Eduard Gröller is Professor at the Institute of Visual Computing & Human-Centered Technology (VC&HCT), TU Wien, where he is heading the Research Unit of Computer Graphics. He is a scientific proponent and key researcher of the VRVis research center. The center performs applied research in visualization, rendering, and visual analysis. Dr. Gröller is Adjunct Professor of Computer Science at the University of Bergen, Norway. His research interests include computer graphics, visualization, and visual computing. He became a fellow of the Eurographics Association in 2009. Dr. Gröller is the recipient of the Eurographics 2015 Outstanding Technical Contributions Award and of the IEEE VGTC 2019 Technical Achievement Award.

Rebecca Nugent

CMU

Rebecca Nugent is the Stephen E. and Joyce Fienberg Professor of Statistics & Data Science, the Department Head for the Carnegie Mellon Statistics & Data Science Department, and an affiliated faculty member of the Block Center for Technology and Society. She received her PhD in Statistics from the University of Washington in 2006. Prior to that, she received her B.A. in Mathematics, Statistics, and Spanish from Rice University and her M.S. in Statistics from Stanford University.
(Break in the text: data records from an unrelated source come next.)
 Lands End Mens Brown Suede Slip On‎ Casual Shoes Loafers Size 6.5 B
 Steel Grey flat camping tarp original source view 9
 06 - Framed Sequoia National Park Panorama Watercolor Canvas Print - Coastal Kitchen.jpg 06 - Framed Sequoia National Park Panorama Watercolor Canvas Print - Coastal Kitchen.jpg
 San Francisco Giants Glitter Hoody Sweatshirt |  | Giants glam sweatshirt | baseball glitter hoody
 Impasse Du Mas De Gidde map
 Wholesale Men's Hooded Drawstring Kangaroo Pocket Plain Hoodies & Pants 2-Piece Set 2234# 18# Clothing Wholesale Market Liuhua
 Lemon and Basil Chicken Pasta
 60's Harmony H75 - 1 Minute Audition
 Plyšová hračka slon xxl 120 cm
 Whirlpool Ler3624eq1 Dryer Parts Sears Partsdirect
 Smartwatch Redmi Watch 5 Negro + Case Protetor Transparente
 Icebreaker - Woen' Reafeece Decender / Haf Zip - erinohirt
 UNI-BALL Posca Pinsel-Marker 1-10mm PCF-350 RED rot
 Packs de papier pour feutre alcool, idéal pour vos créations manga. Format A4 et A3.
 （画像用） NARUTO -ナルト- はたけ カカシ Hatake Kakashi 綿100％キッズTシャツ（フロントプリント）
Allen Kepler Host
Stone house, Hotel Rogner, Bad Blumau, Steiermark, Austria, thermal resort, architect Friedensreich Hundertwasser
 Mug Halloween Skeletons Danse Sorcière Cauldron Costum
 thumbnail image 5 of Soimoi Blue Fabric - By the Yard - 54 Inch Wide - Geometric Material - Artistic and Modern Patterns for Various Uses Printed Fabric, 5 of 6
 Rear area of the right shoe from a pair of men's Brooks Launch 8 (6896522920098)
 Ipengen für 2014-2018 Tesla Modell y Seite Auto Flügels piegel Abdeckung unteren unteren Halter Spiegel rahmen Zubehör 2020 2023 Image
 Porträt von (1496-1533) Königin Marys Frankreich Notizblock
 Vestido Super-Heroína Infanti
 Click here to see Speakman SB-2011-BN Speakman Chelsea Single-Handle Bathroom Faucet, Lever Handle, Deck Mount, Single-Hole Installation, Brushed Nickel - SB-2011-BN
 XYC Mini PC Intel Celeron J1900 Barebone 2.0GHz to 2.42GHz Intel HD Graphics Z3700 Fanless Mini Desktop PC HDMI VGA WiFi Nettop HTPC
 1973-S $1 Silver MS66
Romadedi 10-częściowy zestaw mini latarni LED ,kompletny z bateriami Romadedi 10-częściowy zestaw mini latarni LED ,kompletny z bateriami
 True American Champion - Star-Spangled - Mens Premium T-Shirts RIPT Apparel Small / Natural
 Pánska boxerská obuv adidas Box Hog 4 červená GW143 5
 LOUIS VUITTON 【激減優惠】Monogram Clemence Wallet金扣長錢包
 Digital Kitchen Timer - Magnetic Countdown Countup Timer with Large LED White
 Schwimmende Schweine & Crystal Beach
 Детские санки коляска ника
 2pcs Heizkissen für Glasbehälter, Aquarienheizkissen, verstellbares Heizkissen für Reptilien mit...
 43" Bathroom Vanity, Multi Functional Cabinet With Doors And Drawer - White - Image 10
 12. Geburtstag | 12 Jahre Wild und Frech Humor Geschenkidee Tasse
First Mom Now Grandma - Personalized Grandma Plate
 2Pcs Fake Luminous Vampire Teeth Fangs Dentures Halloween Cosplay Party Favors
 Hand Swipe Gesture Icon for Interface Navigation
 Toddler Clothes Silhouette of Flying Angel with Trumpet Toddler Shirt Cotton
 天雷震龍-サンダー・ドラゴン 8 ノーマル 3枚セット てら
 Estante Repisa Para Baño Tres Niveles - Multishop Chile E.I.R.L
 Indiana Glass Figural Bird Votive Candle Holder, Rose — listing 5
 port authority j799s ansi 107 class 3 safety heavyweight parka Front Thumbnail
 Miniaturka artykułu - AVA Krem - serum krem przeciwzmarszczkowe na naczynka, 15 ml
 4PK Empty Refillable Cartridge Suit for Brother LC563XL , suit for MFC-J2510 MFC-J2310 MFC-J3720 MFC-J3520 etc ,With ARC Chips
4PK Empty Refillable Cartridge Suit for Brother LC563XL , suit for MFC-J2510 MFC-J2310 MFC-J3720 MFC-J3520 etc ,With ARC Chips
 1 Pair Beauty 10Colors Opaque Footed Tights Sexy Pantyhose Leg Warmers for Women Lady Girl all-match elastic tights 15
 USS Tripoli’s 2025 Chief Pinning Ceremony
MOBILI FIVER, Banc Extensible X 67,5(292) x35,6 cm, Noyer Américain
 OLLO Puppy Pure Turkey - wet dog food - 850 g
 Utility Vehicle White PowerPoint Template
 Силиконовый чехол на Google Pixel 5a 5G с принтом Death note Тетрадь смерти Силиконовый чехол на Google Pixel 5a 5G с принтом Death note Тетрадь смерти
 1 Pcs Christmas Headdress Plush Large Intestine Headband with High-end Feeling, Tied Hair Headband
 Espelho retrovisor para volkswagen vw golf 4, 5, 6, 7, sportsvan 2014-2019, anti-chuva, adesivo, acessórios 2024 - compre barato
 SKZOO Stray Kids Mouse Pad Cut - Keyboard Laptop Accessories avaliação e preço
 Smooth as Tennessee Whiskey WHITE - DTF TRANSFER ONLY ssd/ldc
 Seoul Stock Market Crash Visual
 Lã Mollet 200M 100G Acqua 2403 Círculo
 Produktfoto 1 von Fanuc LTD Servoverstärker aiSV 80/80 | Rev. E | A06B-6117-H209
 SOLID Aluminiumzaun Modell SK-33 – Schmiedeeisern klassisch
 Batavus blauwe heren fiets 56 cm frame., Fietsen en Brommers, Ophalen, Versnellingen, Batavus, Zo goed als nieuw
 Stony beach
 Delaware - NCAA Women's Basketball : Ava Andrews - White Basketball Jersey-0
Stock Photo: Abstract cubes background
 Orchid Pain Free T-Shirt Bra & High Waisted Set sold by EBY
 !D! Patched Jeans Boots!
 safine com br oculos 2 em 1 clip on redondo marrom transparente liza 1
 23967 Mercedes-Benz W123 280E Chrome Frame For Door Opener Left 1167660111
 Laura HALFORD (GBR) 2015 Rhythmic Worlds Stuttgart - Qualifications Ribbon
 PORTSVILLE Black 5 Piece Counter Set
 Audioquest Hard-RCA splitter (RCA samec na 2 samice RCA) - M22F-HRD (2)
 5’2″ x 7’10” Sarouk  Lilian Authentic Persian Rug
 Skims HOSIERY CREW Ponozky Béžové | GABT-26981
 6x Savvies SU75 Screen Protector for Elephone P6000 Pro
She was won several national and university teaching awards including the American Statistical Association Waller Award for Innovation in Statistics Education and serves as one of the co-editors of the Springer Texts in Statistics. She recently served on the National Academy of Sciences study on Envisioning the Data Science Discipline: The Undergraduate Perspective and is the co-chair of the current NAS study Improving Defense Acquisition Workforce Capability in Data Use. She is the Founding Director of the Statistics & Data Science Corporate Capstone program, an experiential learning initiative that matches groups of faculty and students with data science problems in industry, non-profits, and government organizations. She has worked extensively in clustering and classification methodology with an emphasis on high-dimensional, big data problems and record linkage applications. Her current research focus is the development and deployment of low-barrier data analysis platforms that allow for adaptive instruction and the study of data science as a science.